- _WORK INSTRUCTION_
Set down the lines below exactly as they stand, please. Go from the first through the one containing "Glamour 5 Light".

- _RECORDS FOR THE EXERCISE_
+---+
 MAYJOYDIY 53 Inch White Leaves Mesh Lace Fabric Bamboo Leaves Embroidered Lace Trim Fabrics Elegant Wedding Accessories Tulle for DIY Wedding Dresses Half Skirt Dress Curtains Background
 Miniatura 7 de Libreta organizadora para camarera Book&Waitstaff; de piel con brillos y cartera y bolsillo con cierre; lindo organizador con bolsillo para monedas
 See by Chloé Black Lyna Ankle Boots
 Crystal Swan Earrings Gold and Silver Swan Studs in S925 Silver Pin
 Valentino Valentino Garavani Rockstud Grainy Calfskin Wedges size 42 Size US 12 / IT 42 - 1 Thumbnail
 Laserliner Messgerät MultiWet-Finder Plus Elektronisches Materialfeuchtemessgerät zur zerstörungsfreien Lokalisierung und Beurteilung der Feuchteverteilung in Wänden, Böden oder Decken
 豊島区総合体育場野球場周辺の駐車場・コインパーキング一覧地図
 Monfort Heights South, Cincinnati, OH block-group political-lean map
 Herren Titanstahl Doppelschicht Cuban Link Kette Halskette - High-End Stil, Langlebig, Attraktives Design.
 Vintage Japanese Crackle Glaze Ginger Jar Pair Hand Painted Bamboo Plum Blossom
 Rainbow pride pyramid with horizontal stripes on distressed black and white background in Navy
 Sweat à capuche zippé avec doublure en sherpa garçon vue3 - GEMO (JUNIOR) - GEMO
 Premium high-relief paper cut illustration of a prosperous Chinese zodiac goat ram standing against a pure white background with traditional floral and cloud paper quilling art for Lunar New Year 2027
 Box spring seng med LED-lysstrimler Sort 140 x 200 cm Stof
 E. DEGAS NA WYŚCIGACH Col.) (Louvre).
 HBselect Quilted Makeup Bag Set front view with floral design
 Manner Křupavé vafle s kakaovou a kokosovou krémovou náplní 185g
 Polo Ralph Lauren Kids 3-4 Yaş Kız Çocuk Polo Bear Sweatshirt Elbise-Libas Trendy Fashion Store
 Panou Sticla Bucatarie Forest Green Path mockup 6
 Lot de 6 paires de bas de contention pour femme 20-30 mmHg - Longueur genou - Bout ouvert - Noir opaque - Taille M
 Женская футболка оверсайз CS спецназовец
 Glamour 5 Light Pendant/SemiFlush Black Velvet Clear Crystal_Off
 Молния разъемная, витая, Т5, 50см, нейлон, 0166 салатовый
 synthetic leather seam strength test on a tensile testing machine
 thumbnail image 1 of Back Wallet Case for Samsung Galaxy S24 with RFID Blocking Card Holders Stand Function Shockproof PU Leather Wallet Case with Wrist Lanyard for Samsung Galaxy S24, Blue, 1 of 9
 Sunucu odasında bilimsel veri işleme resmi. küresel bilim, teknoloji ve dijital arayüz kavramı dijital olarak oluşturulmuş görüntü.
+---+
- _ANSWER BOX_
 MAYJOYDIY 53 Inch White Leaves Mesh Lace Fabric Bamboo Leaves Embroidered Lace Trim Fabrics Elegant Wedding Accessories Tulle for DIY Wedding Dresses Half Skirt Dress Curtains Background
 Miniatura 7 de Libreta organizadora para camarera Book&Waitstaff; de piel con brillos y cartera y bolsillo con cierre; lindo organizador con bolsillo para monedas
 See by Chloé Black Lyna Ankle Boots
 Crystal Swan Earrings Gold and Silver Swan Studs in S925 Silver Pin
 Valentino Valentino Garavani Rockstud Grainy Calfskin Wedges size 42 Size US 12 / IT 42 - 1 Thumbnail
 Laserliner Messgerät MultiWet-Finder Plus Elektronisches Materialfeuchtemessgerät zur zerstörungsfreien Lokalisierung und Beurteilung der Feuchteverteilung in Wänden, Böden oder Decken
 豊島区総合体育場野球場周辺の駐車場・コインパーキング一覧地図
 Monfort Heights South, Cincinnati, OH block-group political-lean map
 Herren Titanstahl Doppelschicht Cuban Link Kette Halskette - High-End Stil, Langlebig, Attraktives Design.
 Vintage Japanese Crackle Glaze Ginger Jar Pair Hand Painted Bamboo Plum Blossom
 Rainbow pride pyramid with horizontal stripes on distressed black and white background in Navy
 Sweat à capuche zippé avec doublure en sherpa garçon vue3 - GEMO (JUNIOR) - GEMO
 Premium high-relief paper cut illustration of a prosperous Chinese zodiac goat ram standing against a pure white background with traditional floral and cloud paper quilling art for Lunar New Year 2027
 Box spring seng med LED-lysstrimler Sort 140 x 200 cm Stof
 E. DEGAS NA WYŚCIGACH Col.) (Louvre).
 HBselect Quilted Makeup Bag Set front view with floral design
 Manner Křupavé vafle s kakaovou a kokosovou krémovou náplní 185g
 Polo Ralph Lauren Kids 3-4 Yaş Kız Çocuk Polo Bear Sweatshirt Elbise-Libas Trendy Fashion Store
 Panou Sticla Bucatarie Forest Green Path mockup 6
 Lot de 6 paires de bas de contention pour femme 20-30 mmHg - Longueur genou - Bout ouvert - Noir opaque - Taille M
 Женская футболка оверсайз CS спецназовец
 Glamour 5 Light Pendant/SemiFlush Black Velvet Clear Crystal_Off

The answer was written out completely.